Tuesday, February 23, 2021

Napoleonics: Russia versus France

 This past Saturday I got to meet my friend Abel and engage in a first play of Song of Drums and Shakos: Large Battles. We had settled on a structure of two 40x40mm stands of soldiers per battalion and regiment and a single cannon of course. 

I did not have the models to make the brigade as it was detailed in the rules so I had to make shift. My opponent had to use a British cannon crew, shameful!

Here we see a view of the Russian lines from the East. In the far back is a battalion of Jagers on the hill with LineInfantry moving to support. They are opposed by French light infantry and line infantry.

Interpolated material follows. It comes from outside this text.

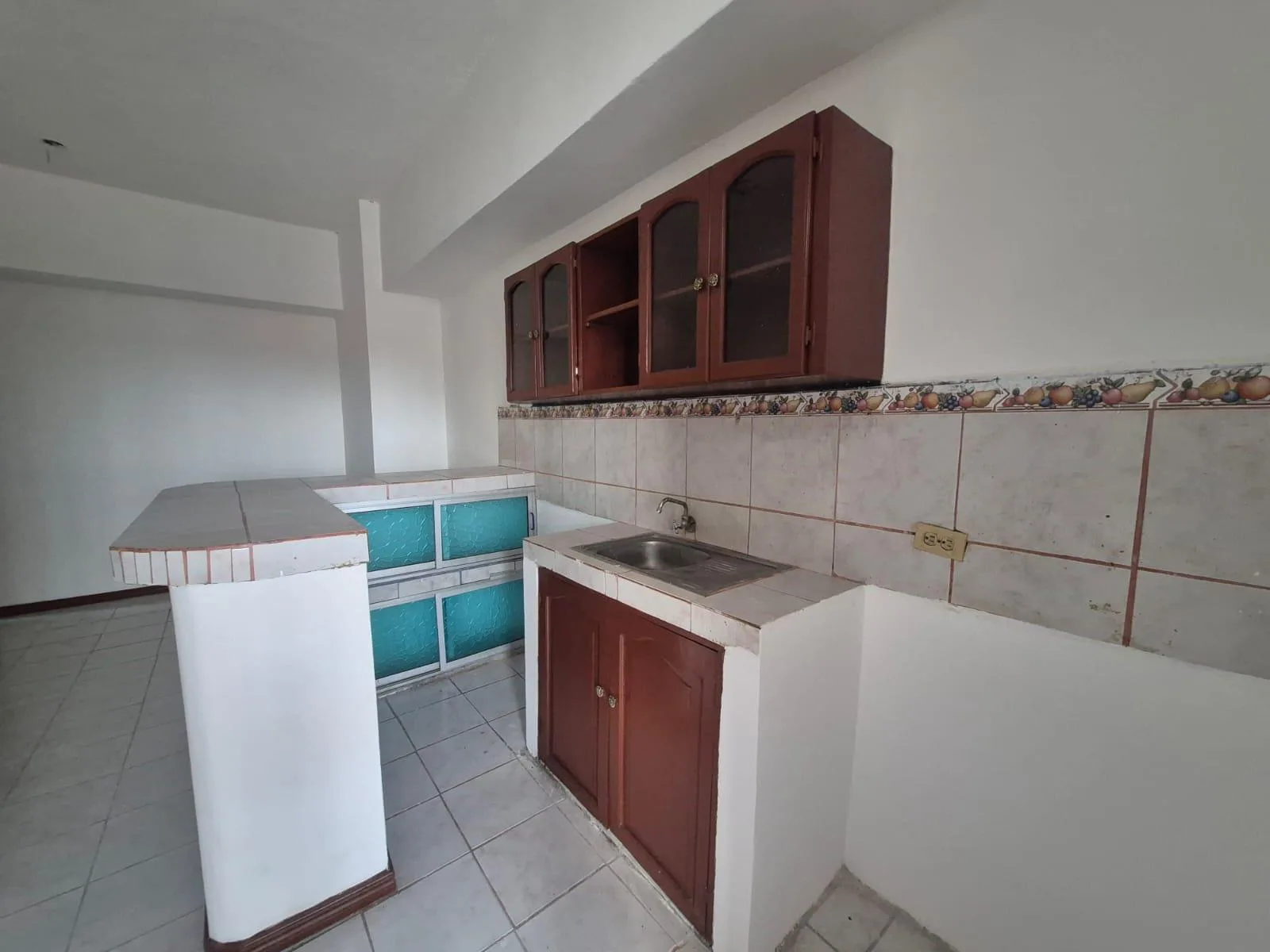 Venta de Suite Piso 6 Edificio El Forum, Centro WyR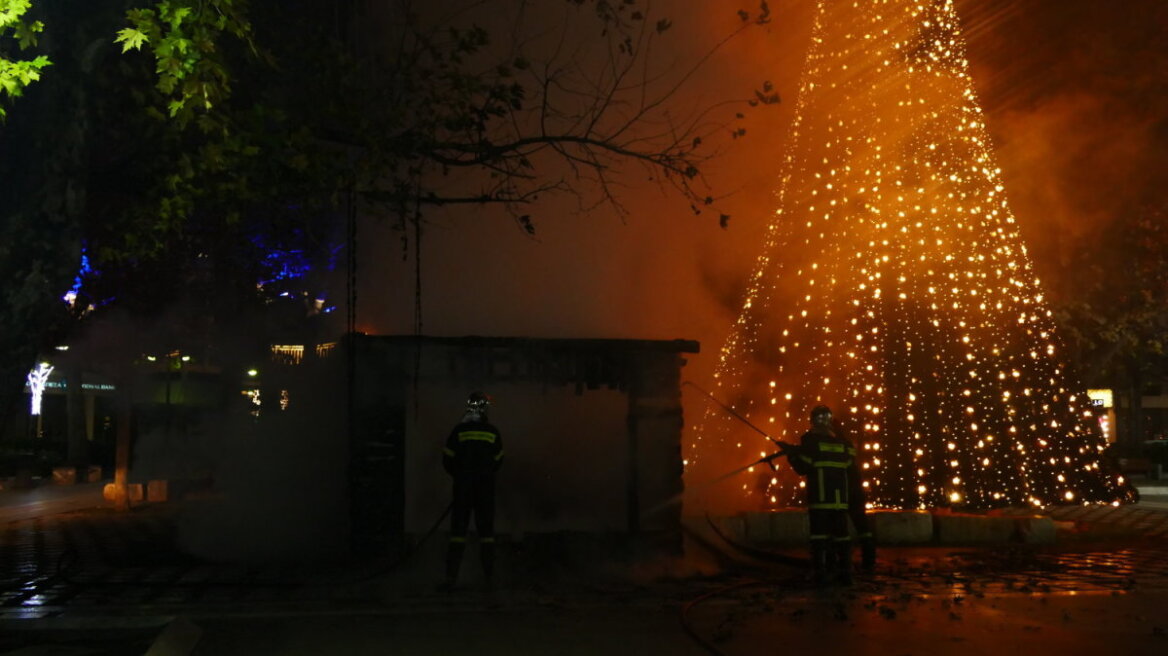 Φωτιά στην κεντρική πλατεία της Λάρισας: Κάηκε ολοσχερώς η χριστουγεννιάτικη φάτνη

A view of the Chasser a Cheval from the French side. Thankfully they spent most of the battle unsure of their course and in the rear of the enemy lines. 

An overview of the battle early on. The Russian lines (to your left) have lost one battalion of Grenadiers but continue to march on the enemy none the less even under artillery barrage. 

A view from the French General's point of view. In the trees to the left are Line Infantry supported by more of the same. Grenadiers to the right are about to make a brave assault on enemy to try to roll up the line into their cavalry. 

A view of the early battle, you can see the Chasseur a Cheval in the rear while the infantry engaged. The cannon made several barrages through the battle but was mostly ineffective. 

A close up of the cannon firing a barrage.

Another angle of an earlier photo. You can see my general in the middle holding command of the brigade fearlessly while the French general mostly yelled orders from his back line. 

I was surprised how well the rules played in relation to how they read. I am by no means an expert of anything at all but they read very, well, very blandly but in execution played well and with excitement. The proximity rule is FANTASTIC and I cannot express how valuable it is to create the spirit of the period well. Also the forces were slightly unbalanced by numbers but in rules the French were more powerful soldiers, as they should have been. The saving grace of my battle was that the Russians were respectably represented with the "Drilled" rule allowing me to recover the disorder while close to the foe.

I did lose the battle, it was close though. Frankly I lost the battle on my own turn with a failed contact with the enemy on the West hill. It gave me 1 disorder that pushed me into shaken and moved me into 3 Divisional Break Points thus ending the game at the end of my turn. 

I am already painting more of my many Russian soldiers though and look forward to another game soon!